The authors build on recent work that showed a full (transductive) CP procedure implicitly defines a closed and convex set of predictive distributions, known as a credal set. They first extend this result to the more commonly used split (inductive) CP, proving that under a mild “consonance” assumption (the existence of at least one label with conformal p‑value equal to one) the split CP also induces a credal set. Consonance can be enforced by a simple re‑scaling of the largest p‑value, which does not affect coverage guarantees and even yields a stronger Type‑II validity property.
Given a consonant transducer πₓ(·), they define an upper probability (plausibility measure) Pₓ(A)=sup_{y∈A}πₓ(y). The core of this upper probability, M(Pₓ), is exactly the implicit predictive credal set of the CP procedure, and the CPR C_α(x)= {y | πₓ(y)>α} coincides with the imprecise highest‑density region of M(Pₓ). Thus, the CPR can be interpreted as the set of outcomes that all distributions in the credal set assign at least (1‑α) probability.
To quantify the epistemic uncertainty encoded in this credal set, the paper adapts the Maximum Mean Imprecision (MMI) functional, originally proposed for general imprecise‑probability models. MMI measures the largest discrepancy between the optimistic (upper) and pessimistic (lower) expectations over a prescribed class of test functions, using Choquet integration. For classification, choosing the class of indicator functions reduces MMI to the total variation distance between the upper and lower probabilities, i.e., the maximal absolute difference |P(A)−P̲(A)| over all events A.
The resulting metric, dubbed MMI‑CP, can be computed in linear time with respect to the number of classes because it only requires the conformal p‑values for each label. Importantly, MMI‑CP captures the “conflict” among the plausible predictive models that underlie the CPR, offering a finer‑grained uncertainty signal than CPR size alone.

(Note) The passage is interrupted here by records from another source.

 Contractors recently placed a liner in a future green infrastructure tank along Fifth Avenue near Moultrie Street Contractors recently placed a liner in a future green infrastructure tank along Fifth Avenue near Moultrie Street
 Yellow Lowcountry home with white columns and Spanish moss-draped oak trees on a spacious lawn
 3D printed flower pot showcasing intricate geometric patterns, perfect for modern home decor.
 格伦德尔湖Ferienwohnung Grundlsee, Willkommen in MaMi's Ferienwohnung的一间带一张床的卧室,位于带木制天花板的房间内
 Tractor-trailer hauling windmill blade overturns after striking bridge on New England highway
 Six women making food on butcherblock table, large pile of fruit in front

Empirical evaluation is performed on two downstream tasks. In active learning, selecting instances with high MMI‑CP leads to faster reduction of test error compared to selecting by CPR cardinality, demonstrating that the metric effectively identifies samples whose labels are most informative under model uncertainty. In selective classification (learning to reject), a rejection rule based on MMI‑CP achieves lower error at comparable coverage, and substantially outperforms a baseline that rejects solely on large CPRs. The authors also illustrate a synthetic example (Figure 1) where two instances share identical CPRs but have markedly different conformal p‑value distributions; MMI‑CP correctly reflects the higher epistemic uncertainty of the more “skewed” instance.

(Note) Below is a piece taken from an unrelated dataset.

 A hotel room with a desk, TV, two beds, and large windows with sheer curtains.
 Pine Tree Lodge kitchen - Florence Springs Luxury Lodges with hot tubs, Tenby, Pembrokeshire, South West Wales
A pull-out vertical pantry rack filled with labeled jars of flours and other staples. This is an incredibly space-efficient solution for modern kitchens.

Overall, the paper provides a solid theoretical bridge between conformal prediction and imprecise probability theory, extends the credal‑set interpretation to split CP, and introduces a computationally efficient, axiomatic‑consistent measure of epistemic uncertainty. By doing so, it positions CP as a principled foundation for decision‑making under model uncertainty, opening avenues for its use in safety‑critical domains, risk‑aware AI, and any application where distinguishing epistemic from aleatoric uncertainty is crucial. Future work may explore extensions to regression, alternative transducers, and integration with Bayesian model averaging for hybrid uncertainty quantification.